During election season, when campaign ads dominate TV, political billboards dot highways, and canvassers knock on doors, it feels like political tensions are at their highest and will surely drop once elections are over.
A new study from the Annenberg School for Communication researchers Neil Fasching and Yphtach Lelkes found that is not the case anymore. Political polarization remains consistently high before, during, and after the elections, even during contentious times.
“Scholars have widely accepted that as elections draw near and campaigning reaches a fever pitch, affective polarization increases, only to recede in the days and weeks following the election,” Lelkes, Associate Professor of Communication, says. “But in the current moment, even a contentious election season doesn’t ramp political animosity up or down.”
Using a dataset of 66,000 interviews with Americans, Lelkes, Fasching, and colleagues gauged the level of partisan animosity between Democrats and Republicans in the days before and after the 2022 midterms.
They found that support for democratic norm violations, such as reducing the number of polling stations in areas dominated by the other party; support for political violence, like hurting a protester from the other party; and affective polarization, an overall measure of how negatively or positively Democrats and Republicans feel toward the other party, hardly changed from the pre-election period to the post-election period.
The study also found that voters with more exposure to campaigns tend to be more polarized, but the difference in polarization remained constant.
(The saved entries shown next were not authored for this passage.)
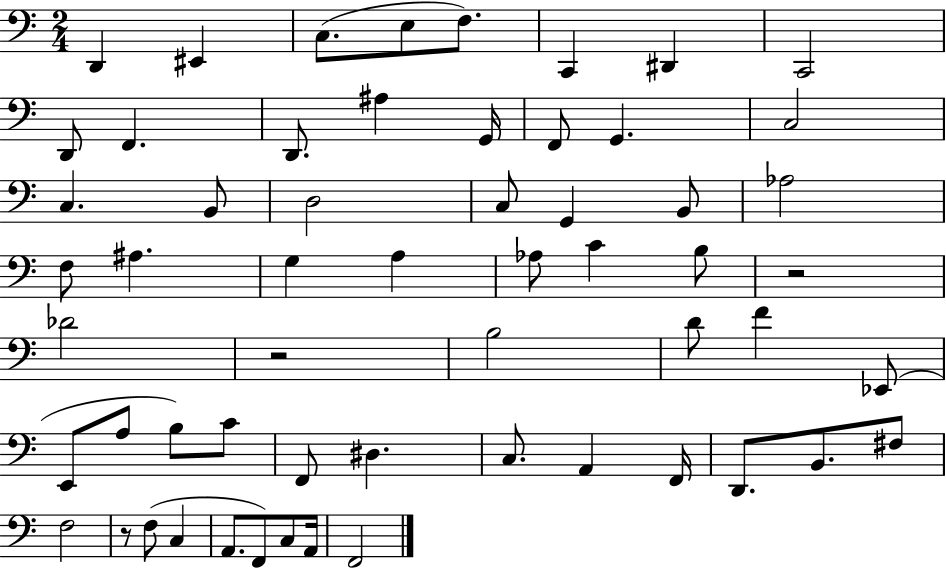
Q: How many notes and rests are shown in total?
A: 58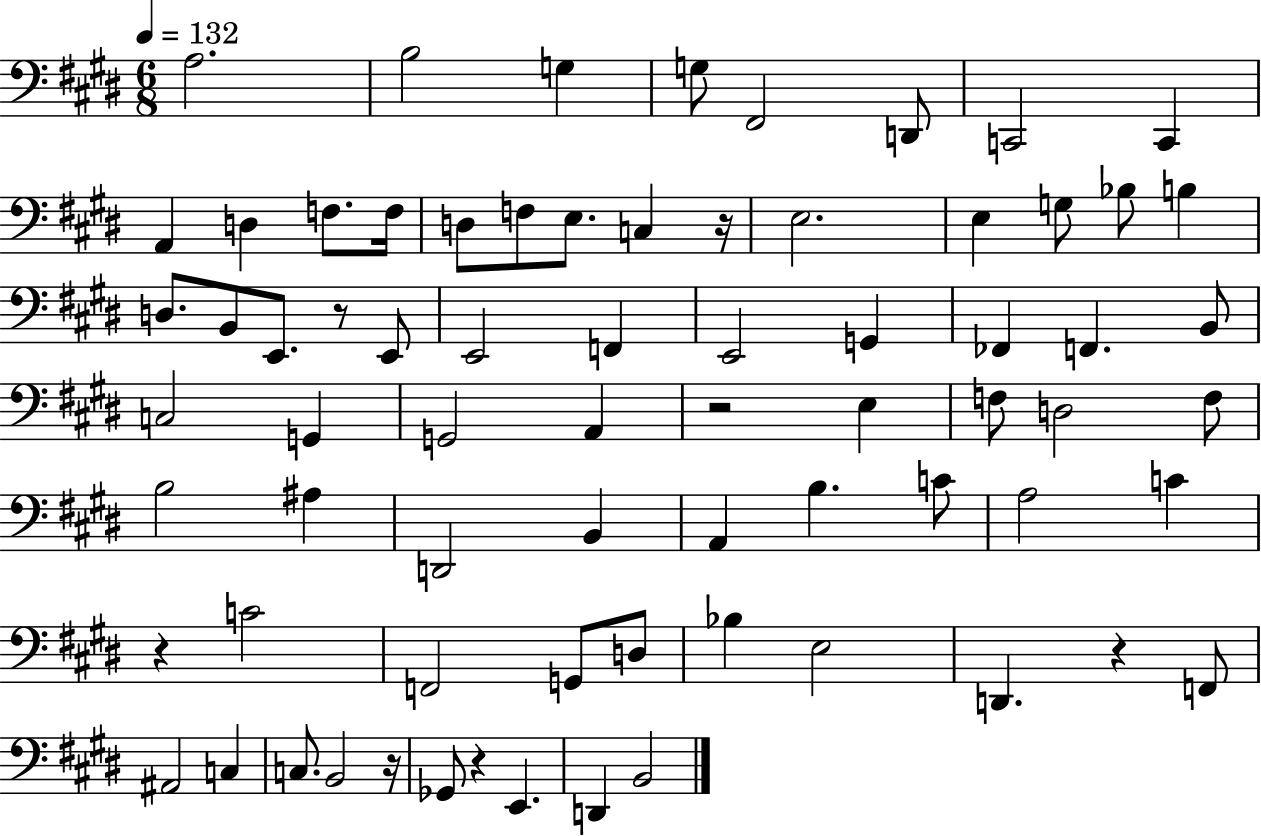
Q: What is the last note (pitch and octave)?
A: B2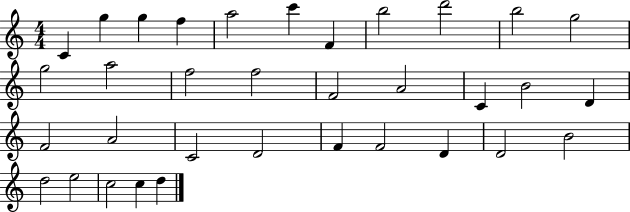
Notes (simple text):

C4/q G5/q G5/q F5/q A5/h C6/q F4/q B5/h D6/h B5/h G5/h G5/h A5/h F5/h F5/h F4/h A4/h C4/q B4/h D4/q F4/h A4/h C4/h D4/h F4/q F4/h D4/q D4/h B4/h D5/h E5/h C5/h C5/q D5/q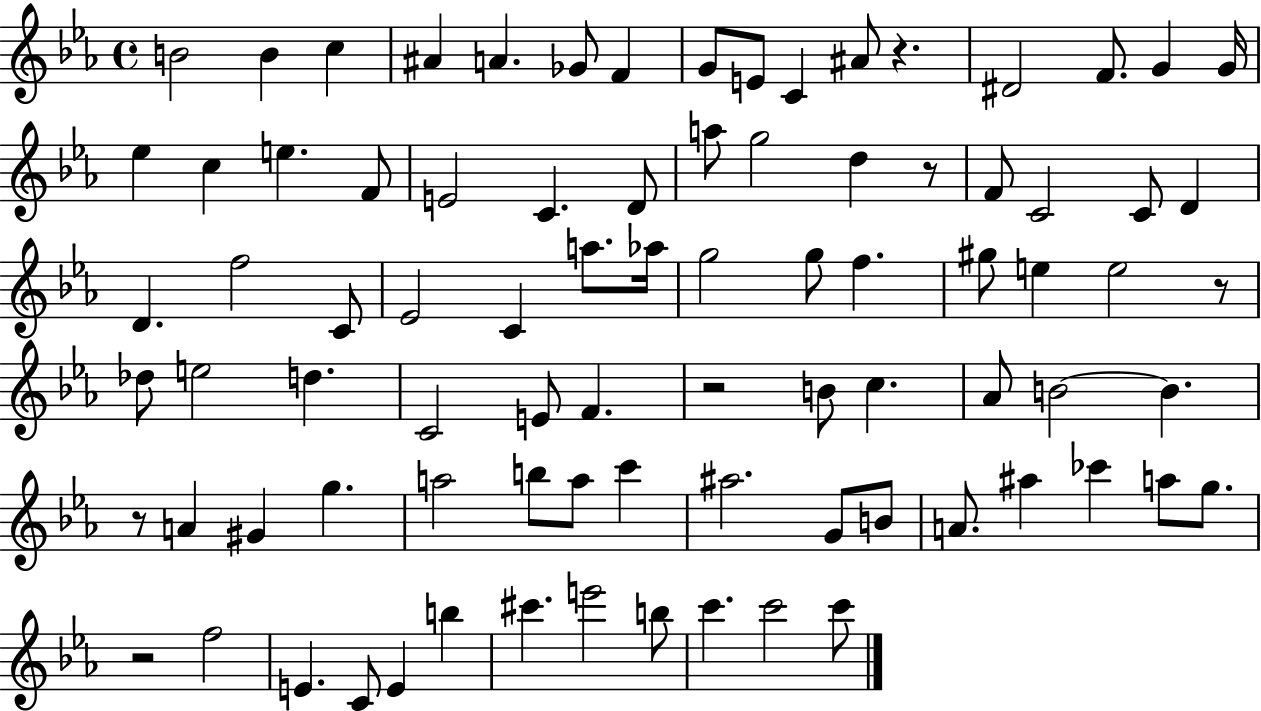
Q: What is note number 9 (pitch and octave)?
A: E4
The researchers from the Polarization Research Lab, a joint center between Annenberg, Dartmouth College, and Stanford University, added that the difference in polarization was “baked in,” perhaps as a result of exposure to multiple campaigns over decades.
“Despite focusing on a different election and using a smaller scale for affective polarization, there was consistency in the result,” says Lelkes. “The level of partisan animus remained fairly stable even during contentious times.”
There was no difference in partisan affect when looking at the Senate and gubernatorial races.
“Partisan animosity appears to be deeply embedded in American society, rather than being a short-term response to electoral campaigns,” says Fasching, a doctoral candidate at the Annenberg School. “However, all hope is not lost. Our results suggest that efforts by future political candidates to stoke hatred and division during campaigns are likely to prove ineffective, particularly when such efforts promote violence or the erosion of democratic norms.”
“Persistent polarization: The unexpected durability of political animosity around US elections” was authored by Neil Fasching, Yphtach Lelkes, Shanto Iyengar, and Sean Westwood and published in Science Advances.